I have observed that there are different ways of making fun and enjoying happiness, but one thing that no one can be able to devise is the method of creating happiness in its absoluteness, such that one can live a life that is free from all concerns, needs or wants. Every day that humans wake up, they wake up to solve some issues, concerns problems or needs. The reason we go to school is because we want to attain knowledge and have a better future through accessing good jobs.
The reasons the lecturers and instructors teach is because they need to impart knowledge to students and also to earn a living out of it. If we wake up one day and decide to sit and enjoy the breeze of the wind and the sand on the beaches, there will be a moment of thought and even concern regarding how life would be fun if we lived it by the beach without work, need for money and other basic human needs.

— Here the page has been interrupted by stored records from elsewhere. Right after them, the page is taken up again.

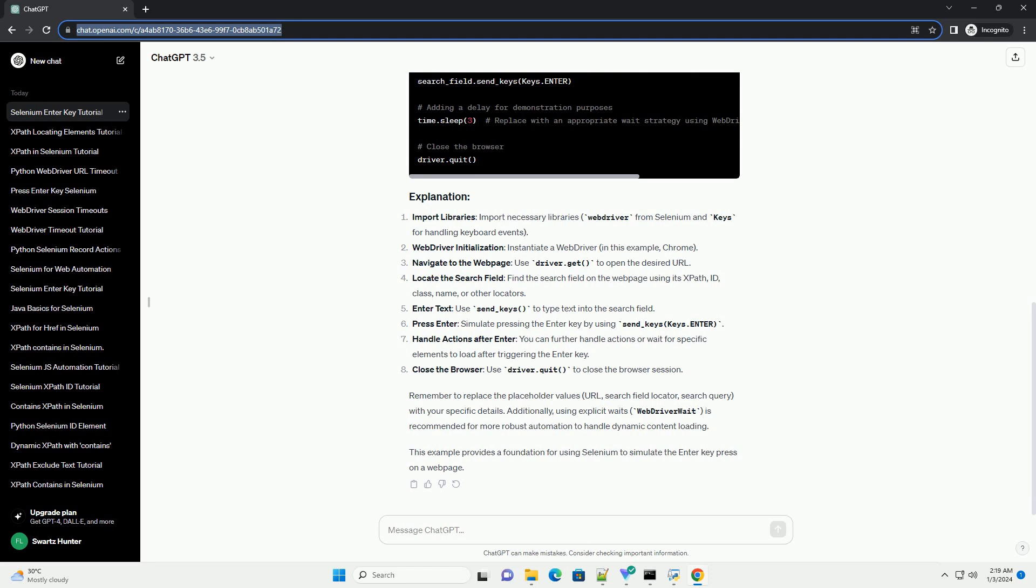This example provides a foundation for using Selenium to simulate the Enter key press on a web page. Chat GPT.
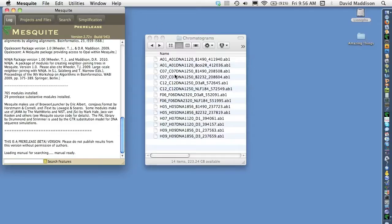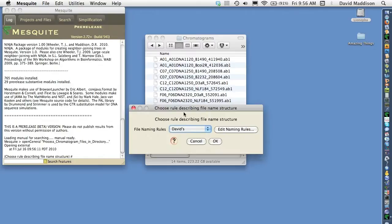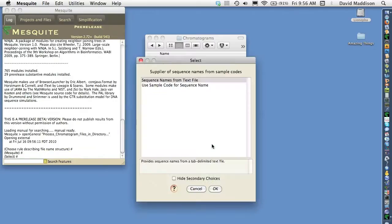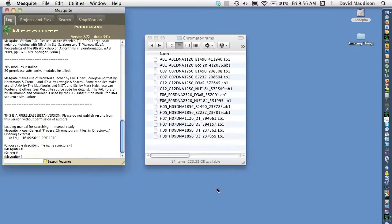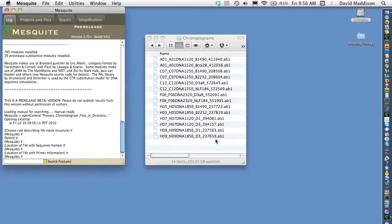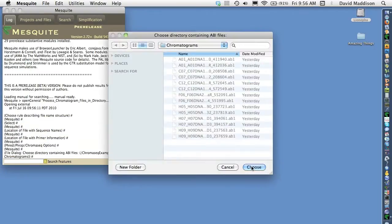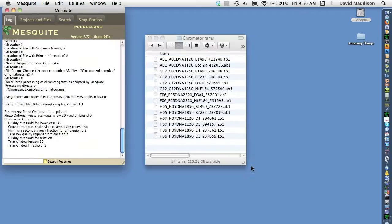Here we have a directory of chromatogram files which we're going to ask ChromaSeq to process. It's going to ask us a bunch of setup questions and we won't worry about details. Here's our directory.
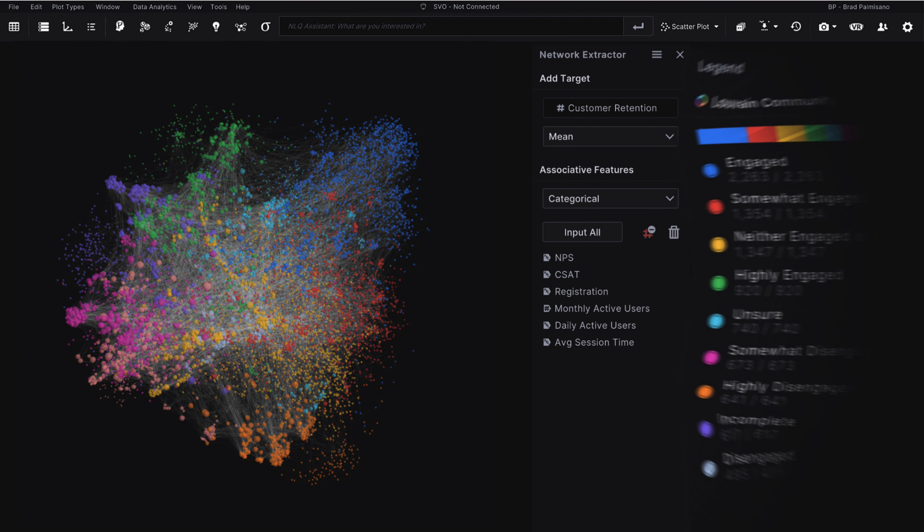With Virtualytics, you can explore communities and their relationships from every angle with our proprietary true 3D visualization capabilities that enable you to create clear 3D network graphs.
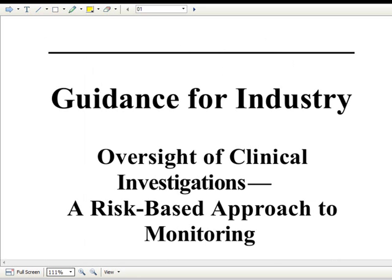The other document that's been provided, again for your reference, is the Guidance for Industry that was approved last year entitled Oversight of Clinical Investigations: A Risk-Based Approach to Monitoring. This is where I'll be pulling some of the information as we start out, and certainly this is an FDA guidance document.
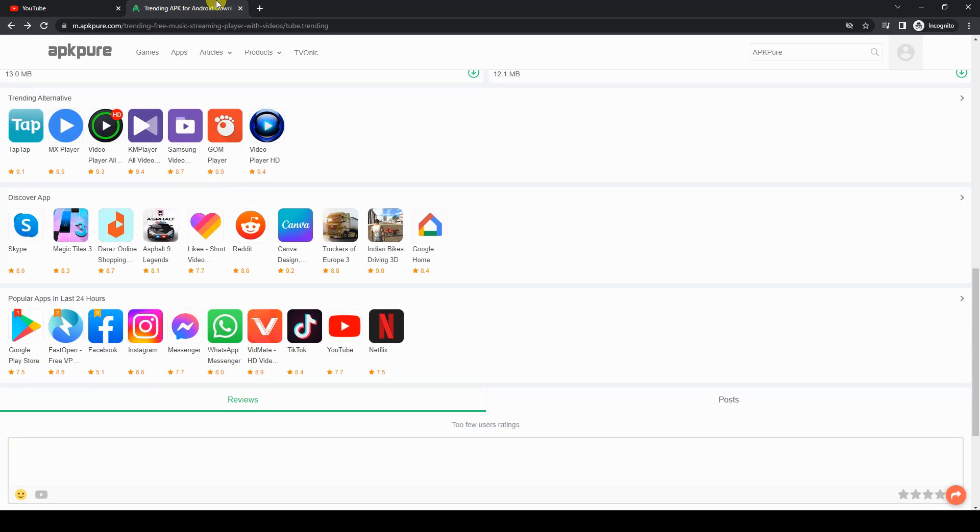What's up guys, it's Marshall here. I'm going to show you in this video how to find new niches to promote on OG ads.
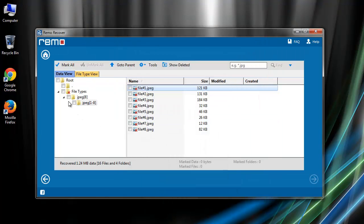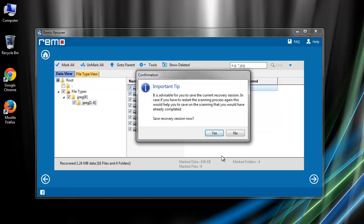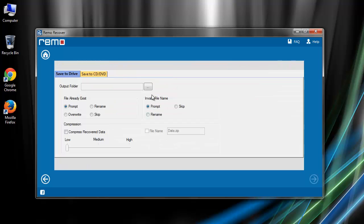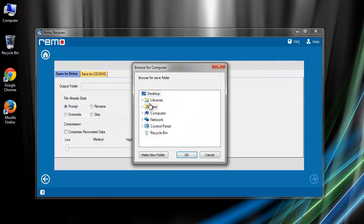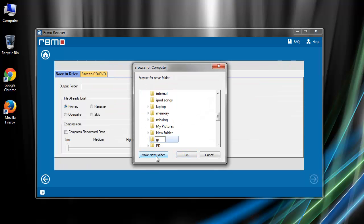That's it. Choose the required images from this list and click next. Save the current scanning session and on the last screen provide the location to save your recovered images.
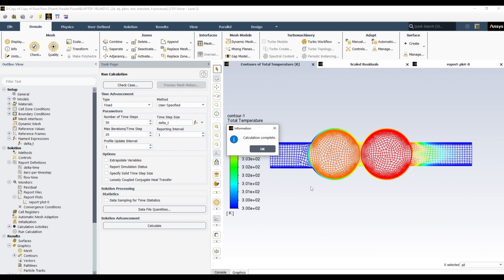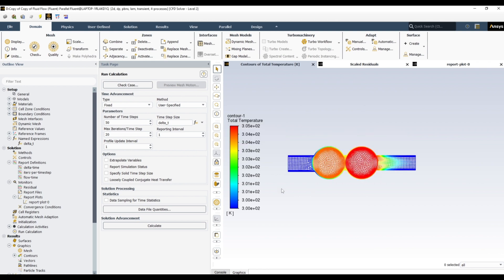This concludes example one, where we've seen how to use an expression to define a variable delta_t. I will stop here and continue with the rest of the examples in the second part of the video. Thank you.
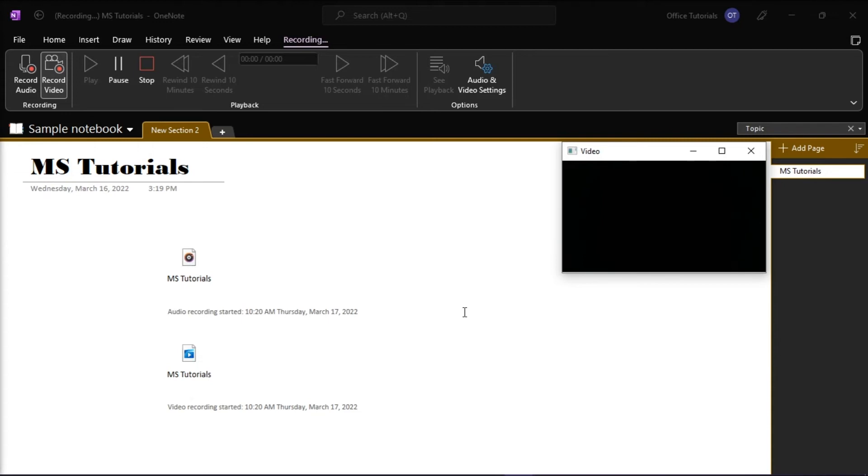Now once you're done, you can add the recording by pressing the Pause or the Stop on the Audio or Video tab.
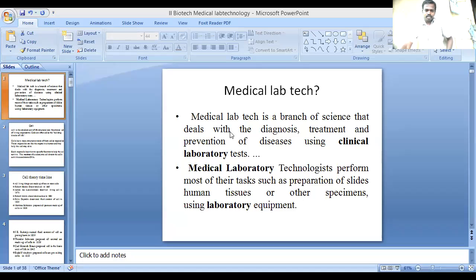What is Medical Lab Technology? Medical Lab Technology is a branch of science that deals with the diagnosis, treatment and prevention of disease using clinical laboratories and testers.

Therefore, as the strong daft and the weak daft in the quote above have the same destiny in that both ends up dripping, so does human life make all people equal; in that they cannot attain absolute happiness. With books the same. The truest of all men was the Man of Sorrows, and the truest of all books is Solomon’s, and Ecclesiastes is the fine hammered steel of woe. ‘All is vanity. ’ ALL (784). I find it true that there is wisdom in sorrow than there is in happiness.
Sorrow takes the heart deeper into reflection, and the results of the reflection are more insightful and full of knowledge than there ever is in happiness. Happiness is a state of the mind that rids the body of any thoughts or concerns, and instead replaces the same with folly and the attitude of “don’t care”, which in the end might see people entering into trouble and regrets. Throughout life, there is no time I ever made a decision and then regret it, if I was not in the mood of happiness.
The decisions that have positively impacted life are those that people make when they are sorrowful, disturbed or deeply reflecting upon certain occurrences in their lives or surrounding. Let us for example consider the process of writing the book of Ecclesiastes by King Solomon. It must have been written as a result of intense thought sessions that were definitely not characterized by happiness, but by the mere attempt to understand happiness. Solomon first discovered that there was no absolute happiness in the life of man, since either way there shall always be a cause for concern.
Anybody engraved with happiness and the more pursuit of it would have never got an opportunity to make such insightful observation of life, since happiness blinds people from the reality of life, and instead causes them to live as though life has no problems. The effect is that virtually no wisdom would then come with happiness. But savages are strange beings; at times you do not know exactly how to take them. At first they are overawing; their calm self collectedness of simplicity seems a Socratic wisdom (110). Simplicity is a concept that is a little hard to understand, since with simplicity, comes the aspect of wisdom that is neither displayed nor hidden.
The wisdom of those who are bold, sophisticated and civilized is openly seen in their mannerisms, but the wisdom of those who are considered to be savages is highly complex to put a finger at. The wisdom of Mahtama Gandhi is one that has always amused me, owing to the fact that he was a man of simplicity with advocacy methods that seemed to be less civilized and at times considered to be primitive and inconsequential, but the outcome has taught the world a lesson about non-violent means of advocacy.
It is through the simplicity of Mahtama Gandhi that I am able to understand that holding diverse opinion regarding different issues does not mean lack of friendship, for any form of friendship that seeks an agreement on all matters in not true friendship. The simplicity displayed by Mahtama Gandhi while advocating for independence of India could be regarded as savagery or cowardice, since he advocated for the adoption of very unconventional means of noncooperation, yet the situation demanded that the people take up arms and fight against the colonial oppression.
Simplicity instead demands that one does not show feelings to the extremes, whether of hate or love, but that one may maintain calmness under such circumstances. It is this form of wisdom that is difficult to understand, and resonates well with the quote above. Works CitedMelville, Herman. Moby Dick. Planet PDF E-Books, 2001. 1-1047. Print.